Não é à toa que a democracia vai muito além do voto. Como apontam Steven Levitsky e Daniel Ziblatt no best-seller “Como as democracias morrem”, ela requer respeito a regras comuns, reconhecimento da legitimidade dos adversários (ou seja, tratá-los como competidores legítimos dentro de uma disputa igualitária), tolerância e diálogo.

O excesso de polarização compromete todos esses quesitos. Em uma sociedade concentrada em dois lados radicalizados, adversários são vistos como inimigos, o diálogo não é incentivado – é até condenado – e transgredir as regras parece justificável.

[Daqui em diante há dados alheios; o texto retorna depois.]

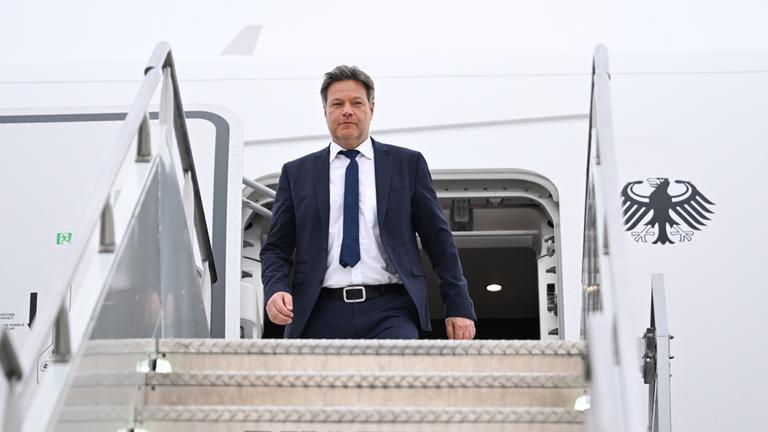 Robert Habeck steigt aus einem Flugzeug aus.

Quem procura se manter fora desses dois grupos, apresentando outras visões e ideias, ou mesmo quem defende que ambos os lados têm suas falhas e virtudes, é tratado como “isentão”. As alternativas que fogem às duas apresentadas acabam sendo invalidadas.

(fonte: do site Politize)

Um indivíduo, ao se integrar a um dos eixos de polarização, está contribuindo para o enfraquecimento da própria democracia - mesmo que faça isso em nome da... defesa da democracia!! É importante observar que podem surgir grupos minoritários que vão exibir o mesmo comportamento polarizado, atuando também no enfraquecimento dos pilares que promovem a sustentação do regime democrático.

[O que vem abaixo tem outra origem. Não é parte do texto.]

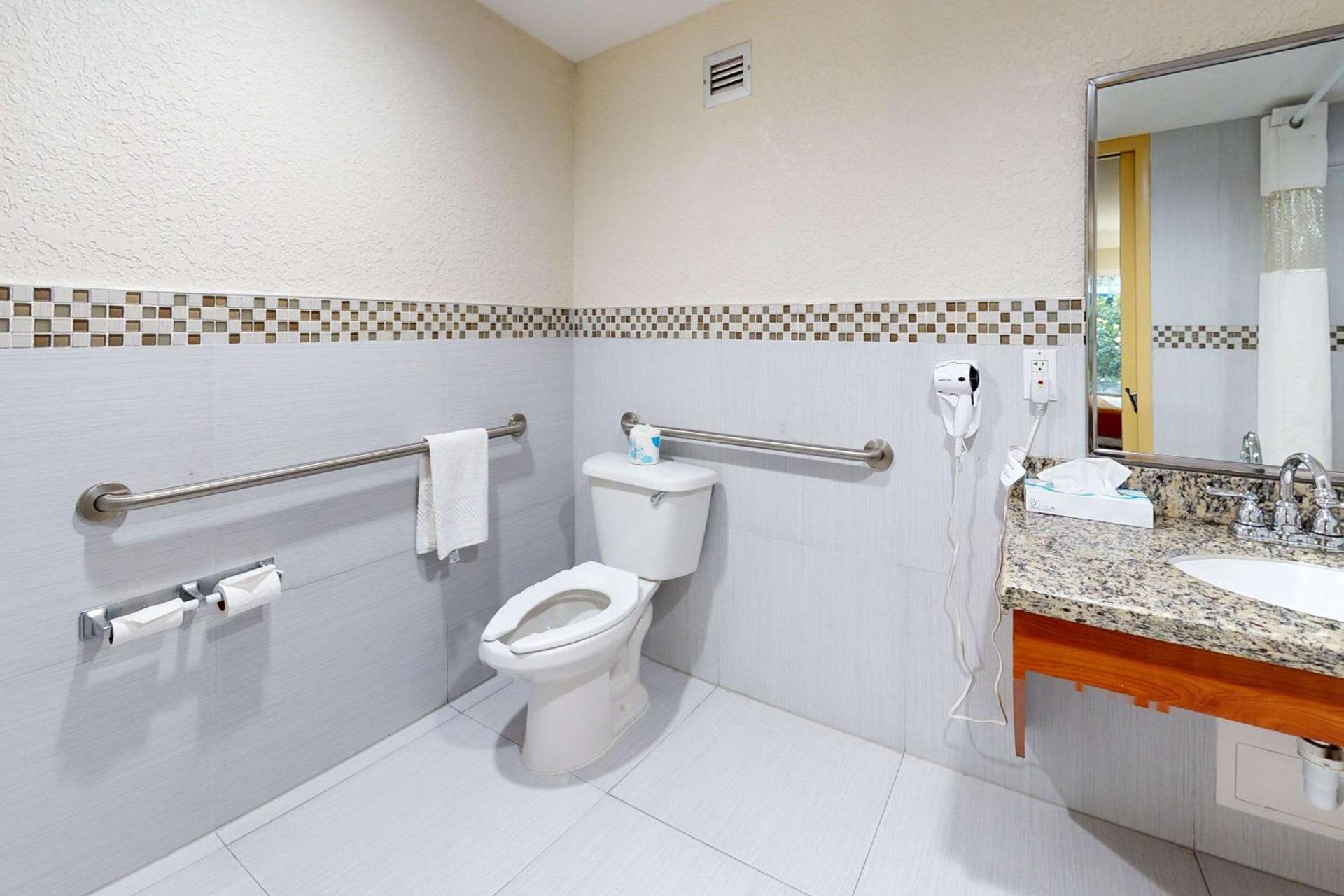 Rodeway Inn & Suites Fort Lauderdale Airport & Cruise Port photo 18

Aqui estão sumarizados alguns pontos importantes da polarização política:

  1. Fechamento ao diálogo: A polarização política pode levar a uma situação em que os grupos se fecham em suas convicções e não estão dispostos ao diálogo. Isso pode dificultar a busca por soluções consensuais para os problemas da sociedade.

  2. Visão de inimigos: Quando não existe congruência entre políticos de lados opostos, a democracia entra em risco. Os grupos passam a se enxergar como inimigos e deixam de aceitar o direito de existência de uma oposição ideológica.

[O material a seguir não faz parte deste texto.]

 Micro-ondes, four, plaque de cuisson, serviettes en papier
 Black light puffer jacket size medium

  3. Risco de regimes autoritários: Em um cenário de polarização extrema, regimes autoritários podem ganhar força. Isso ocorre porque a polarização pode ser usada para justificar medidas antidemocráticas em nome da proteção contra um “inimigo” percebido.

  4. Desestabilização da democracia: Um ambiente político polarizado pode contribuir para desestabilizar uma democracia. Isso pode levar a crises políticas e sociais.

  5. Deslegitimação das oposições: Um dos efeitos observados diante da ascensão de líderes polarizadores envolve o interesse em gerar conflitos na sociedade para arregimentar militantes radicalizados e propensos a deslegitimar as oposições.

  6. Intolerância e violência: A polarização política pode levar ao extremismo, à violência e à intolerância. Isso pode criar um ambiente de hostilidade e conflito, prejudicando a convivência pacífica na sociedade.

Portanto, é essencial promover o diálogo, a tolerância e o respeito às diferenças para mitigar os riscos da polarização política à democracia.

É relevante pontuar que este processo não é uma exclusividade brasileira.

Mas o que mudou tanto? No passado os políticos produziam declarações consensuais - até quando mentiam. Hoje os políticos buscam fazer declarações para dividir opiniões e com isto conseguirem ressonância. "O país precisa de mais homens com testosterona!!!"

Por que uma mensagem como esta ressona na sociedade? Pq tem um grupo que efetivamente concorda com ela.

Nas eleições presidenciais americanas de 2016, Trump pautou a campanha inteira com declarações polêmicas, tipo: "América para os americanos", ou "Nosso país precisa de um muro na fronteira sul." Saiu de uma posição de improvável candidato republicano para a presidência do maior país do mundo. Venceu primeiro a disputa pela atenção da sociedade, e a partir dela ganhou os votos que precisava para se eleger.

Nota final do Host:

Lamento por constatar que a busca pela polarização passou a ser uma estratégia de comunicação política competitiva. Isto vai continuar até que os eleitores demandem de seus representantes opções de políticos que apontem para os consensos que podem levar a sociedade para uma situação de desenvolvimento econômico, em ambiente de paz social. O problema não é dos políticos, mas da sociedade, e correndo o risco de generalizações injustas em casos particulares, o problema está em cada um de nós.